At this early stage in the UCLA-Under Armour litigation, the legal standard of review was favorable to UCLA.
“As long as the complaint does not place a clearly erroneous construction on the provisions of the contract,” Judge Ford quoted from the California Judges Benchbook in 10-page order, “in passing on the sufficiency of the complaint, the judge must accept as correct the plaintiff’s allegations as to the meaning of the contract.” In other words, although UCLA can only win the case by meeting the preponderance of the evidence (more likely than not) burden in civil litigation, here the school only needed to show their arguments weren’t plainly wrong.
As Judge Ford saw it, UCLA’s interpretation of the contract satisfies this low threshold.

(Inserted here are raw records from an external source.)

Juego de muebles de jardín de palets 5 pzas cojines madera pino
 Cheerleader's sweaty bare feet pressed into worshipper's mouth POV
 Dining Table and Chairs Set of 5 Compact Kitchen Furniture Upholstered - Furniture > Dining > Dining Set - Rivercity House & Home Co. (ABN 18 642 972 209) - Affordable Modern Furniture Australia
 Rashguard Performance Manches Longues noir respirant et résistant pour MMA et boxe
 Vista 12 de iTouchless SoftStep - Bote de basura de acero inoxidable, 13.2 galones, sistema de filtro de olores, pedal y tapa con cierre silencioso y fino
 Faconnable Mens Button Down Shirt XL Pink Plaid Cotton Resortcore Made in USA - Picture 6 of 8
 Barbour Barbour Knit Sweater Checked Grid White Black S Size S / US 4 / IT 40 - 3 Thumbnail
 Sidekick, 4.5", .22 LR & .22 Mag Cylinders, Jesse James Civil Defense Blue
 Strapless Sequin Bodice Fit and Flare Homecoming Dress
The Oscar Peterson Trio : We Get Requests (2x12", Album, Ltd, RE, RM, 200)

The contract defines a force majeure event as one “which renders the performance of this agreement by the affected party either impossible or impracticable.” Judge Ford concluded it is “not clearly” determinable whether “the pandemic rendered it impossible or impracticable for Under Armour or UCLA to perform.”
UCLA, for its part, insists the pandemic did not make it impossible or impracticable for either the school or Under Armour to meet their respective obligations. The judge reasoned additional litigation steps are needed to assess whether Under Armour or UCLA has it right.
Similarly, Judge Ford was unpersuaded by Under Armour’s argument that it could terminate the contract on account of a “core team” clause. The clause expressed that if UCLA ceased to field, for any reason other than a force majeure event, a so-called “core team”—defined as football, baseball, men’s basketball and women’s basketball—termination was possible. Under Armour’s termination letter noted, correctly, that the Bruins baseball team didn’t complete the spring 2020 season. Yet as Judge Ford highlighted, UCLA raised a plausible rebuttal by stressing that the baseball team played in all its scheduled games (the Pac-12, not UCLA, canceled the remainder of spring 2020 sports). Also, to the extent UCLA didn’t field a team, the reason could have been a force majeure event, namely the pandemic, and thus outside the scope of the clause.
The ruling is tentative, as Under Armour has 20 days to answer. The two sides have a long time to discuss a settlement before the trial date of Aug. 22, 2022.
The UCLA-Under Armour breakup happened amid a major reshuffling of Under Armour’s sports sponsorship approach. The company had an acrimonious separation with Cal last year that also involved force majeure claims, and paid to buy out of its contract with Cincinnati. (It also ended an on-field licensing agreement with the NFL).